In the controversial US Open final, Serena Williams “went too far” in her rant at an umpire, says Roger Federer. In the aftermath of a heated exchange with the chair umpire, Williams received a code violation for coaching, a point penalty for racquet abuse and a game penalty for calling the umpire a “liar” and a “thief” during her defeat to Japan’s Naomi Osaka. The outburst overshadowed Osaka’s maiden grand slam title and stole from her the biggest win of her career.
“I feel like Serena should have walked away,” Federer told Britain’s Sunday Times newspaper. “She did, but she went too far. She should have walked earlier.”

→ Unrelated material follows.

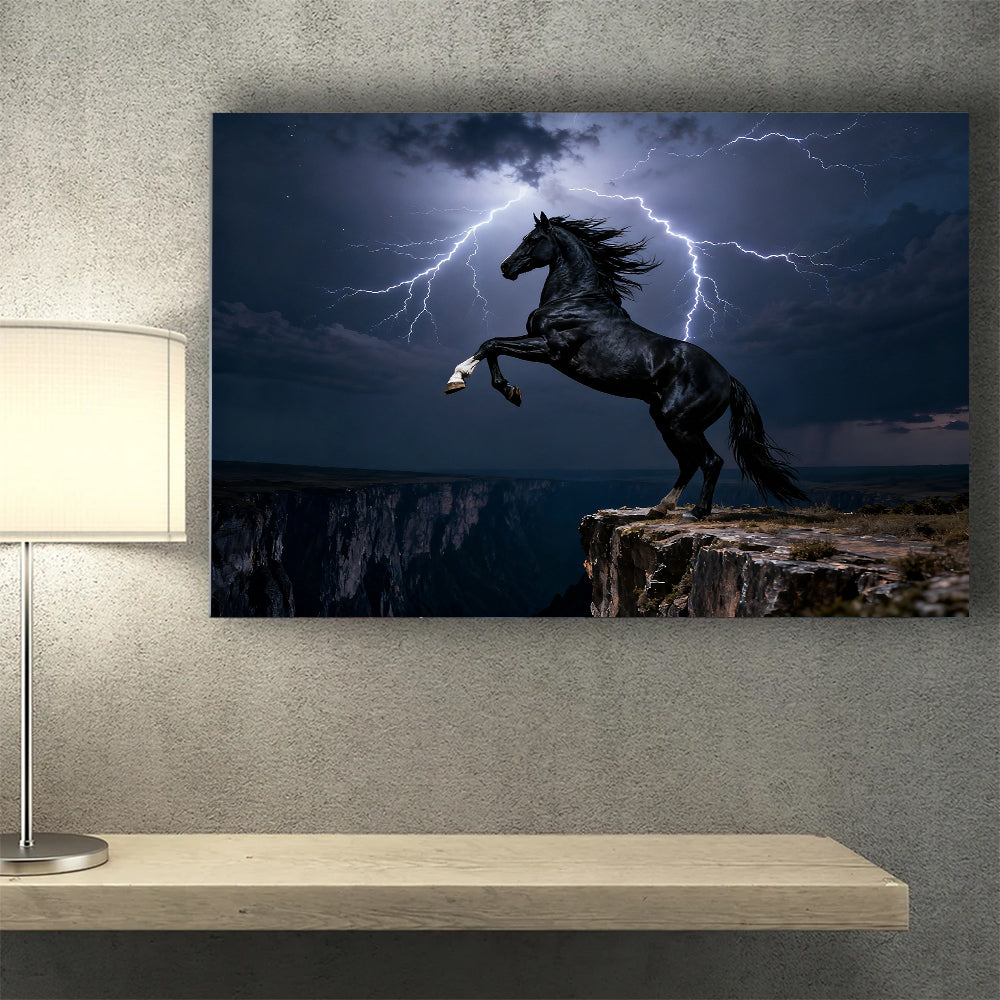 Storm on the Ridge horse wall art, styled above a desk.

Nevertheless Federer did have some sympathy for Williams, adding: “The umpire maybe should not have pushed her there. It’s unfortunate, but an incredible case study.”

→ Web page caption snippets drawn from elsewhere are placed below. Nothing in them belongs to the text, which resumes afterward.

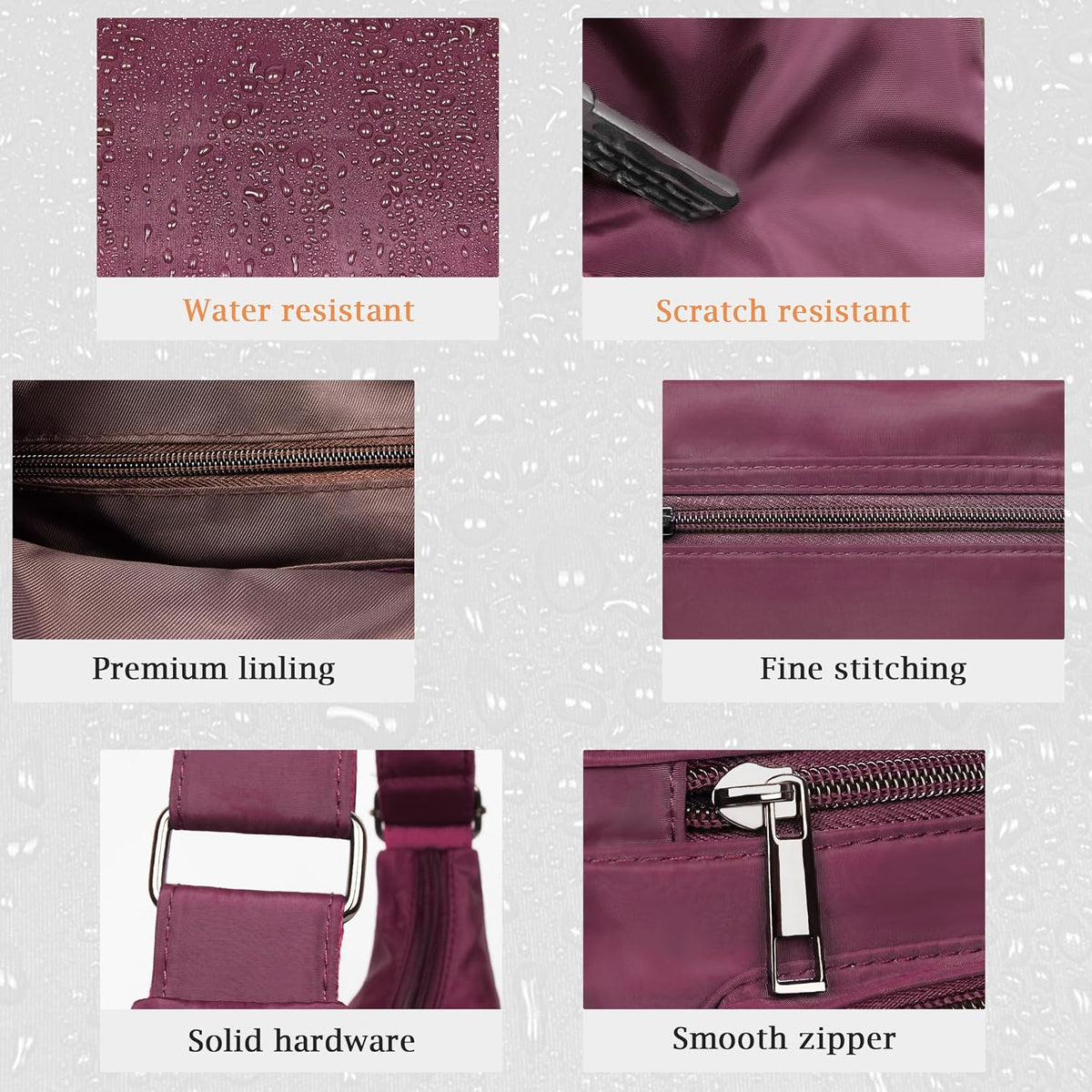RFID Anti Thief Crossbody Bag for Women Waterproof Shoulder Bag Messenger Bag Casual Nylon Purse Handbag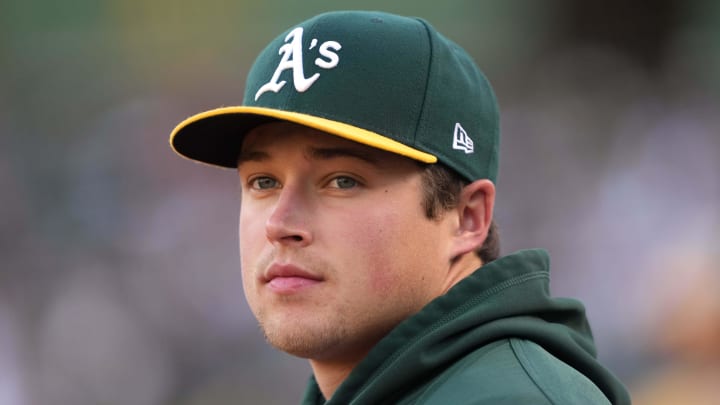 May 3, 2024; Oakland, California, USA; Oakland Athletics relief pitcher Mason Miller (19) before the game against the Miami Marlins at Oakland-Alameda County Coliseum. Mandatory Credit: Darren Yamashita-USA TODAY Sports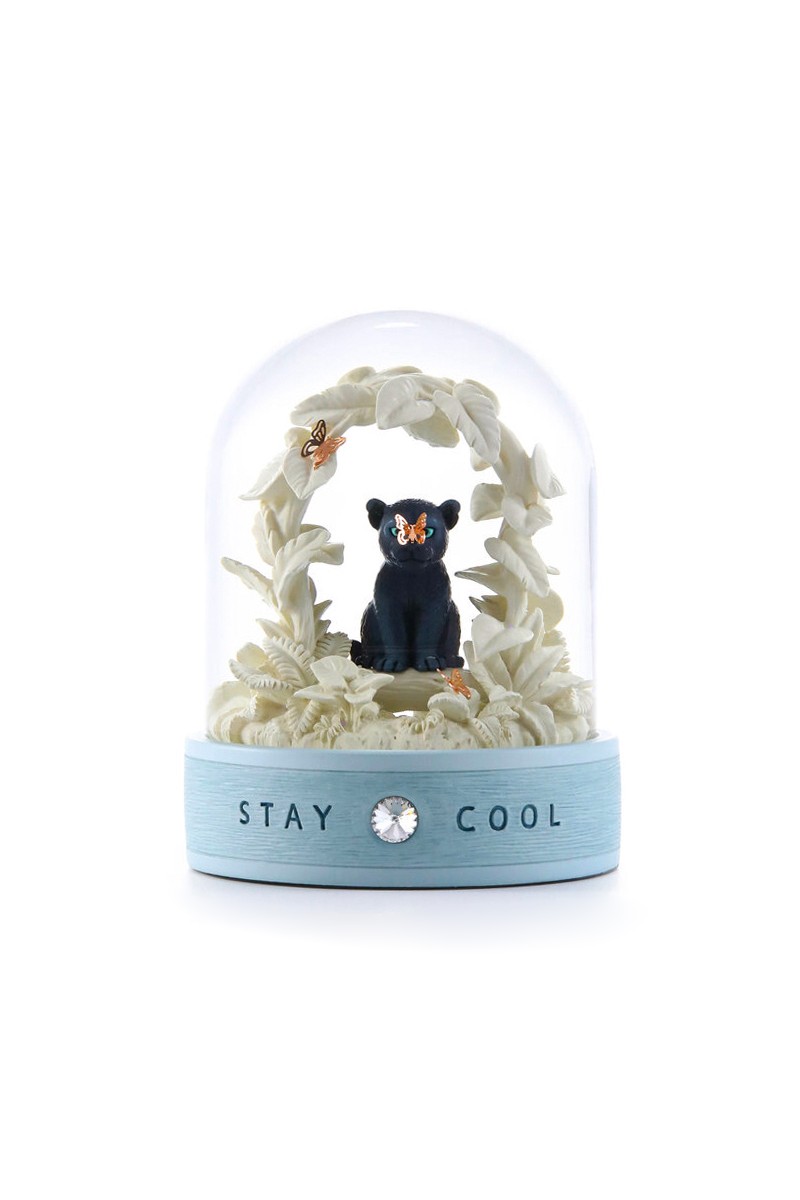 Schneekugel „Stay Cool – Die Gelassenheit“ – Inspiration und Ruhe, mit edler Pantherfigur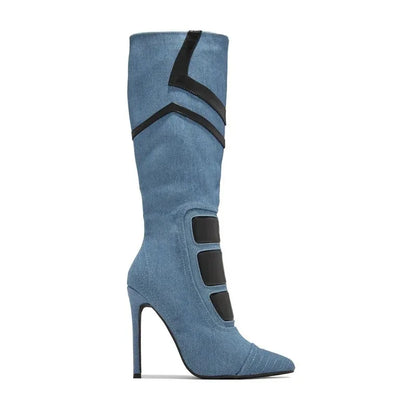 Fashion Leather Pointed Toe Zip Boots Women Design Sexy Stiletto High Heel Knee High Boots Lady Shoes Party Fall Luxury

Unfortunately for Osaka, the 6-2, 6-4 win, became infamous for Williams’s flare-up in the second set than the dominant playing by the Japanese.
Carlos Ramos handed Williams, 37, a code violation after he judged her coach Patrick Mouratoglou to be coaching – something that is prohibited under Grand Slam rules – as he watched the match courtside. Mouratoglou later admitted he had indeed been coaching as he criticised the rule.
Mid-match Williams told Ramos she would “never cheat to win and would rather lose”. The rules dictate that the player is charged for breaching the coaching rules and not the coach.
Williams received another code violation for smashing her racquet, leading to Ramos docking her a point. When the game finished, she called the experienced official “a liar” and “a thief”. That led to Ramos docking her the next game — leaving Osaka to hold serve for her maiden slam victory.
Williams later suggested it was “sexist” to have been penalised a game. She was fined $17,000 in the aftermath of the final by the United States Tennis Association for the code violations.
In the interview, Federer also spoke about the issue of female players’ on-court attire. In September it was announced that Williams would not be allowed to wear the black catsuit she wore at French Open, with the tournament set to introduce a stricter dress code. Meanwhile, France’s Alize Cornet received a code violation for changing her shirt on court during sweltering conditions at Flushing Meadows.
“What was the problem with taking the shirt off or the catsuit?” said Federer, a 20-time Grand Slam singles champion. “Serena has worn crazier stuff in the past. Guys have worn crazier stuff. For me it was all a bit of nonsense. I was totally on the women’s side. Leave them alone.”